* The input *
■ ■ ■ ■ ■
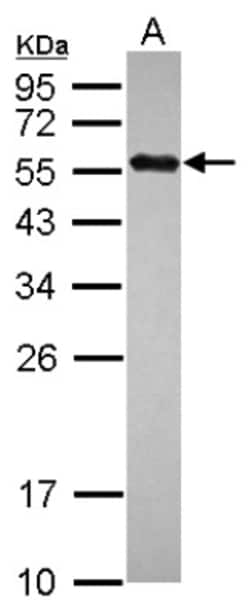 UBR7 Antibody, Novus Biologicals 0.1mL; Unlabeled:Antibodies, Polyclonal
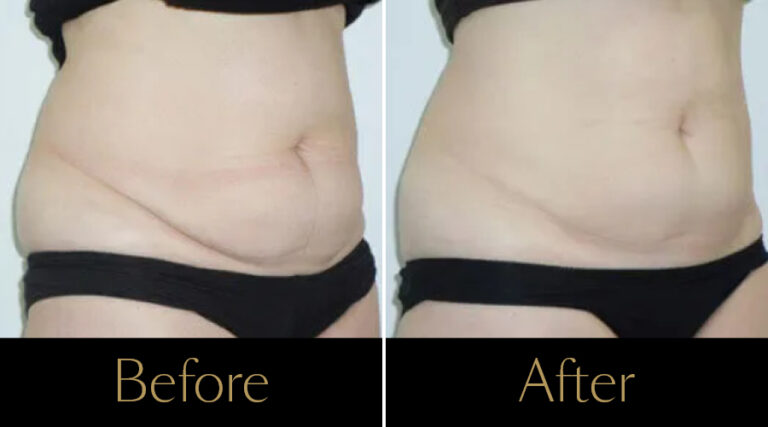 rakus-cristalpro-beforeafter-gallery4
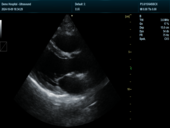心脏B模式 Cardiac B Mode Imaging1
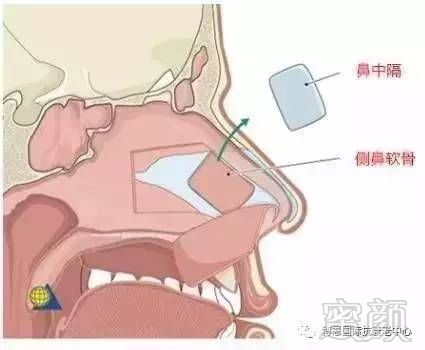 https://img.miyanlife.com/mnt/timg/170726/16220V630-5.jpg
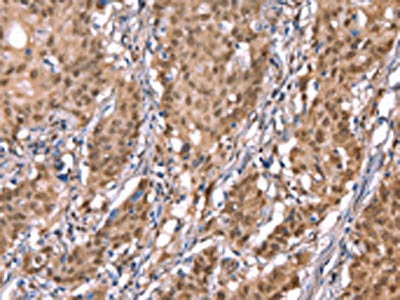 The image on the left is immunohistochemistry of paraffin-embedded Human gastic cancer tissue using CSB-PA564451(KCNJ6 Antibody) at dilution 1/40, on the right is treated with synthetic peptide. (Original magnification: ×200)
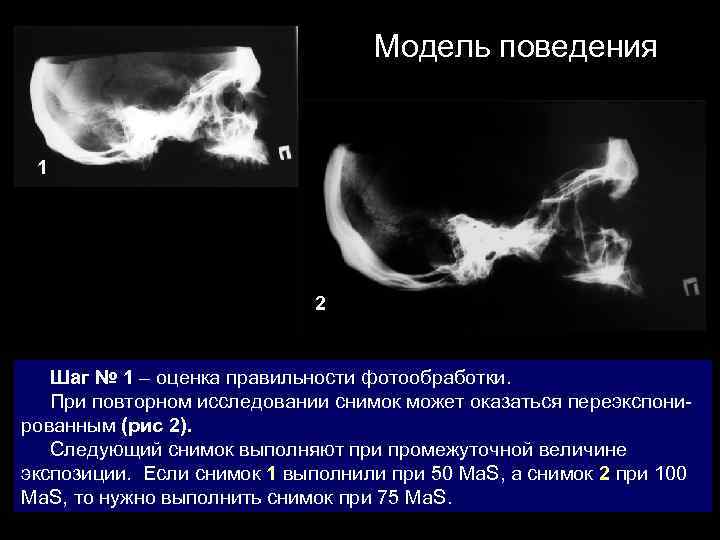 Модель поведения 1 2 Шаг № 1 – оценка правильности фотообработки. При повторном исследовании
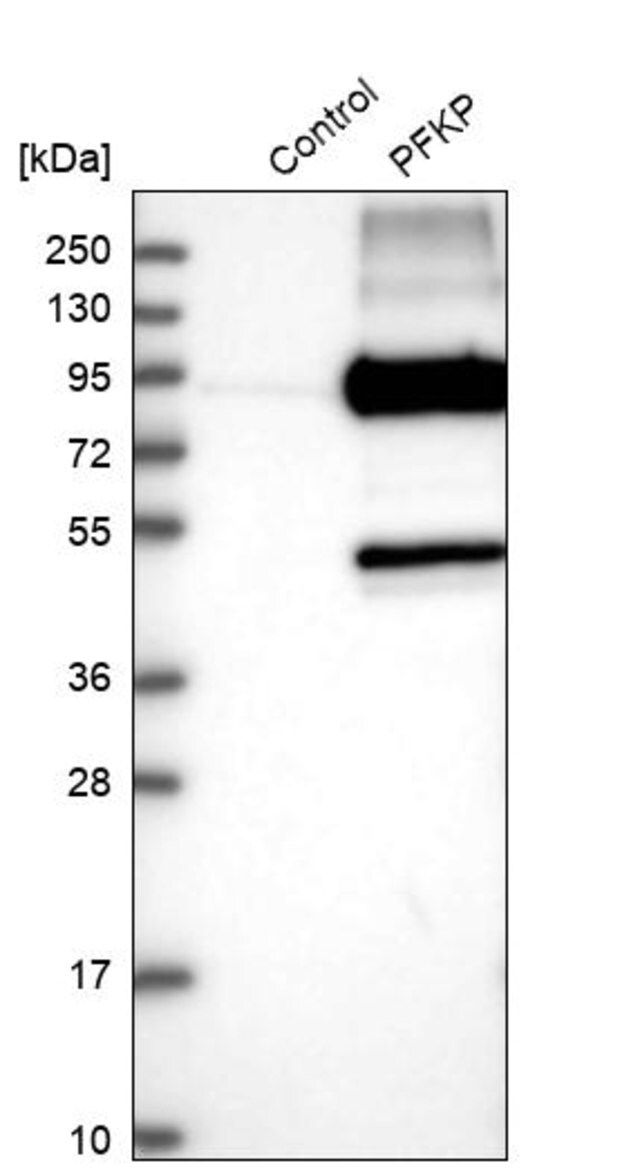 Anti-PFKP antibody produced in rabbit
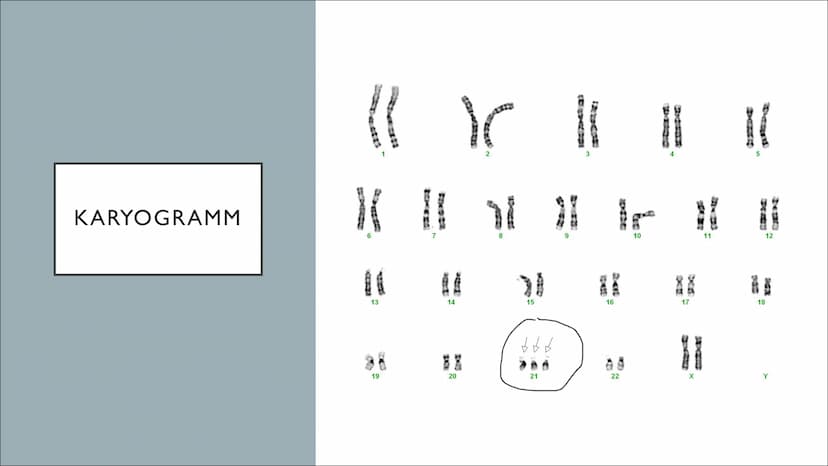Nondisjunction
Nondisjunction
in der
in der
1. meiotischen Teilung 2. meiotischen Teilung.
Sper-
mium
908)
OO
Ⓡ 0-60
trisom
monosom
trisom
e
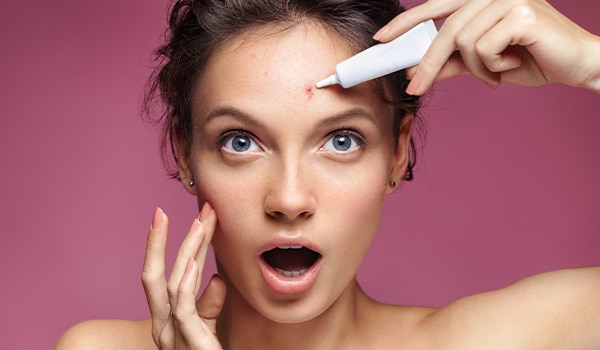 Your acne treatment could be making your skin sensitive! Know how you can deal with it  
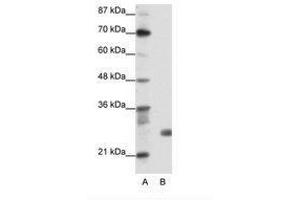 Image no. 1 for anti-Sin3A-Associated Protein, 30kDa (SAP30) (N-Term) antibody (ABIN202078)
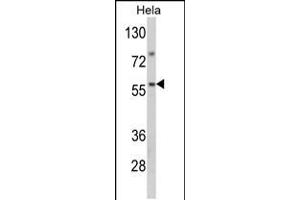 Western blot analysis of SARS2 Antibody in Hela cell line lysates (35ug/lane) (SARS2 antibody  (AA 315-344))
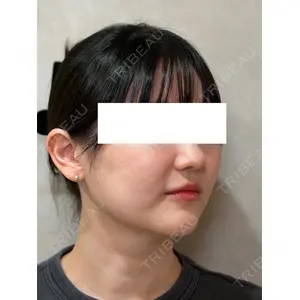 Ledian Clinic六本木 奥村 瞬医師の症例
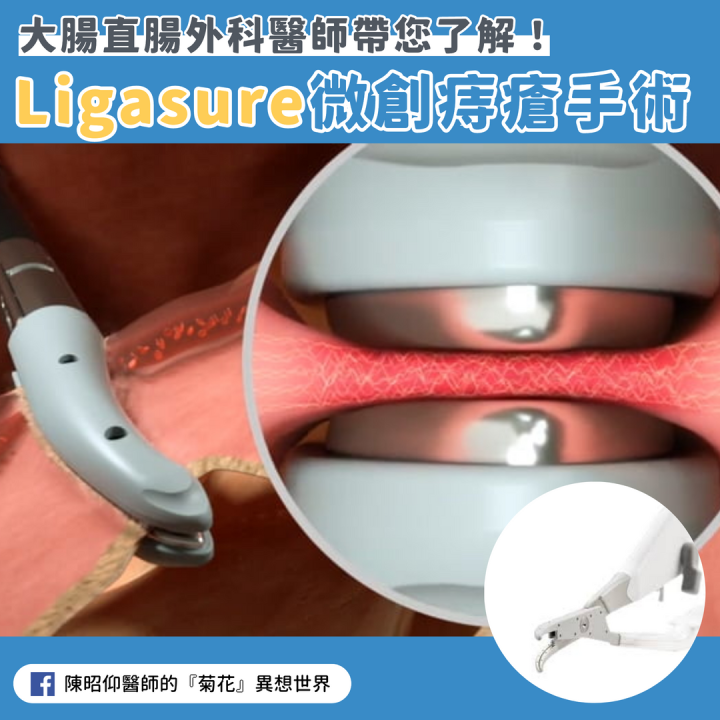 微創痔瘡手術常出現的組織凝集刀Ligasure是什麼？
■ ■ ■ ■ ■
* Exercise requirements *
With the pictures omitted, set down each line exactly, starting at the first line of the records above and ending with the line that contains "https://img.miyanlife.com/mnt/timg/170726/16220V630-5.jpg".

* Problem solution *
 UBR7 Antibody, Novus Biologicals 0.1mL; Unlabeled:Antibodies, Polyclonal
 rakus-cristalpro-beforeafter-gallery4
心脏B模式 Cardiac B Mode Imaging1
 https://img.miyanlife.com/mnt/timg/170726/16220V630-5.jpg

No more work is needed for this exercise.